L’étude de Jérôme Bourgea révèle aussi une exception : « Un tiers des daurades de Leucate partent vers l’Espagne, on a confirmation de leur passage vers Estatit et elles vont plus loin, on ne sait pas où, ni pourquoi, celles-ci choisissent d’aller vers l’ouest ? Mystère. »

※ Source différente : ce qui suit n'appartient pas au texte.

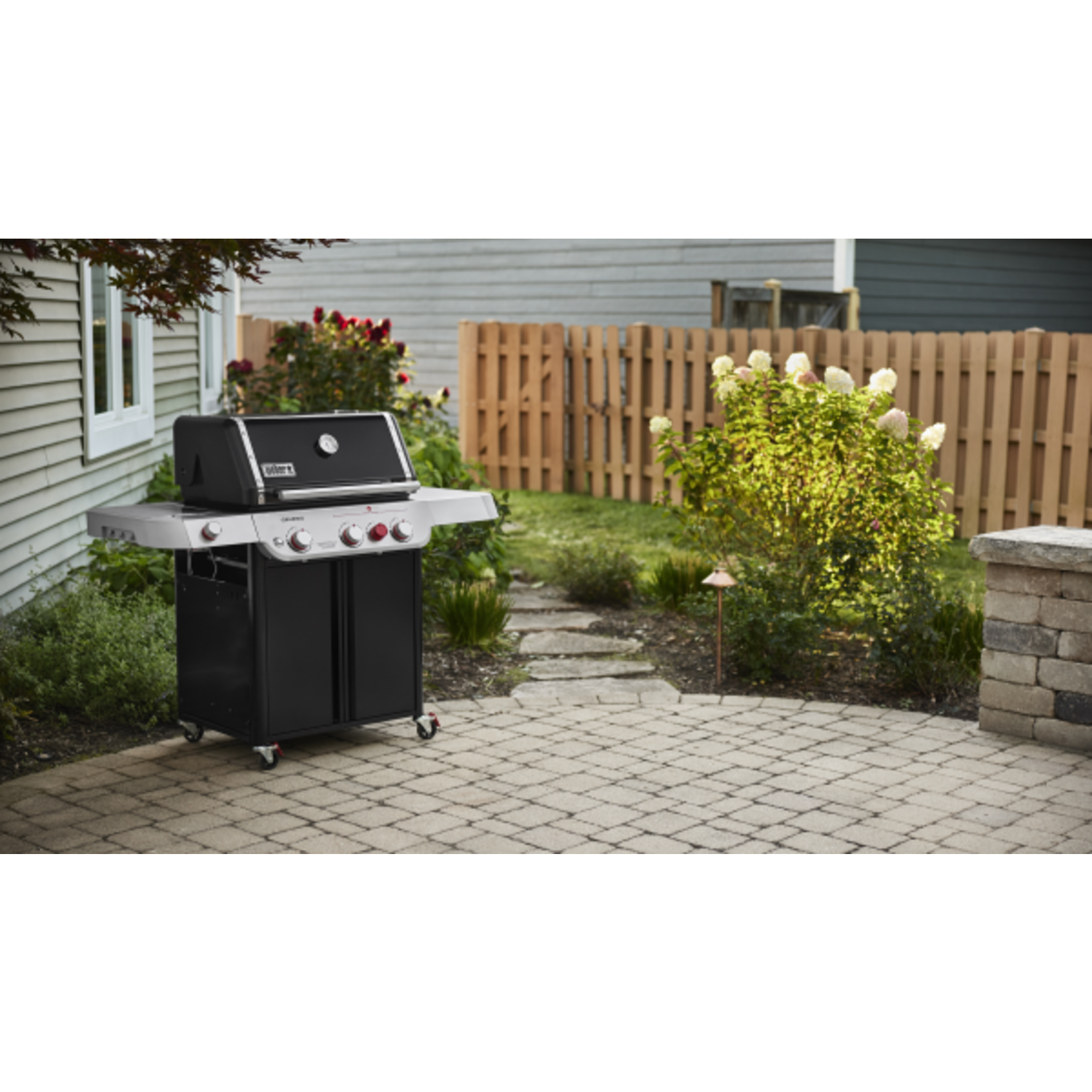 Weber Genesis E-335C NG SS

Toutes ces données ne permettent pas pour autant d’avoir une connaissance précise des stocks. Si les scientifiques affirment notamment que « le Loup est en déclin », il est fort à parier que des mesures de protection vont se mettre en place pour réduire les prélèvements, en particulier entre les aires marines protégées. Pour Jérôme Bourgea : « Il faut une régulation performante qui s’appuie sur nos connaissances. La pression des pêcheurs de loisirs et plaisanciers est plus forte que celle des professionnels. Il faut éviter les conflits et suivre une approche cohérente, qui influence nos comportements pour assurer une exploitation durable, non seulement de la daurade royale, et de bien d’autres ressources marines dont les poissons côtiers ».